Lo stesso comportamento successivo dell’amministrazione depone in senso contrario, e il profilo non e’ stato approfondito dalla sentenza gravata. Infatti, dall’appendice contrattuale (pag. 9 del ricorso) risulta un’estensione della polizza dal 31 dicembre 2006 al 24 febbraio 2007, pacificamente dovuta alla sospensione istruttoria dei tempi di accertamento, riportata nel terzo e quinto motivo, in coerenza con il Decreto del Presidente della Repubblica n. 633 del 1972, articolo 57, comma 1, secondo periodo. Se la durata della garanzia era determinabile, come non previsto esplicitamente dal testo della polizza, di rimando a qualsiasi modifica dei tempi di (decadenza per l’)accertamento, questa seconda specificazione temporale, dopo quella iniziale, non avrebbe avuto e non troverebbe plausibile spiegazione.
Al contempo, come indicato nelle censure e come osservato dal precedente specifico cui qui si da’ continuita’ (pag. 9), in assenza di un’esplicita previsione contrattuale che colleghi la durata della garanzia ai termini fissati dalla legge per l’accertamento tributario, l’obbligazione del garante non puo’ che rimanere fissata nei termini consensualmente definiti, trattandosi di atto di autonomia privata che la legge non ha indicato di voler eterointegrare nel senso a ben vedere operato dalla pronuncia qui censurata. In questa chiave ne risultano violati gli articoli 38 bis e 10 citati, da cui non e’ dato evincere tale eterointegrazione, infatti declinata in termini interpretativi dalla corte territoriale eccedendo, pero’, il perimetro oggettivamente assegnabile all’ermeneutica, e plausibilmente attribuibile a quella inerente allo specifico contratto stipulato.
In altre parole, deve ribadirsi che non e’ pensabile che si costruisca un’obbligazione di garanzia destinata a durare per un tempo imprecisato in ragione di una normativa sopravvenuta e concernente il distinto rapporto tributario. Infine, poiche’ il beneficiario della garanzia e’ l’amministrazione finanziaria, si perverrebbe all’assurdo risultato di consentire, in sostanza, a una delle parti contraenti di protrarre unilateralmente e a proprio vantaggio la durata dell’obbligazione di garanzia.

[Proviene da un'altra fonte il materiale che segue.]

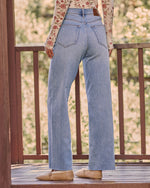 Logan Super Stretch High Rise Relaxed Raw Hem Jeans
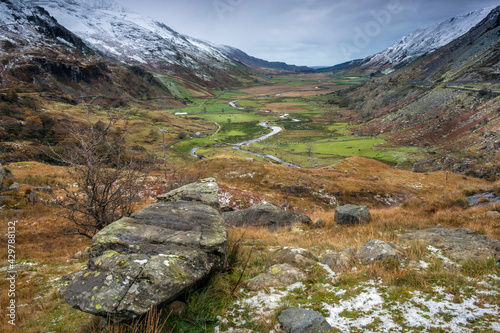  dramatic photo of the wintry autumn weather and snow capped mountains in the Nant Ffrancon Pass and Ogwen valley in Snowdonia National Park in North Wales.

Pertanto, il dilatarsi dei tempi posti all’amministrazione per i propri accertamenti non puo’ tradursi, in assenza di una chiara previsione contrattuale o di un’altrettanto puntuale eterointegrazione normativa negoziale (in tesi possibile), in una conseguente dilatazione della validita’ temporale dell’obbligazione di garanzia, venendo meno la stessa prevedibilita’ delle obbligazioni contrattuali, e del loro peso economico, in capo al garante.
3. Ne deriva l’accoglimento dei motivi secondo quanto anticipato, e la correlativa cassazione della decisione impugnata.
3.1. Spese al giudice del rinvio.
P.Q.M.
La Corte accoglie per quanto di ragione i motivi primo, terzo, quinto e sesto, assorbiti gli altri, cassa la decisione impugnata in relazione ai motivi accolti e rinvia alla corte di appello di Cagliari perche’, in diversa composizione, si pronunci anche sulle spese di legittimita’.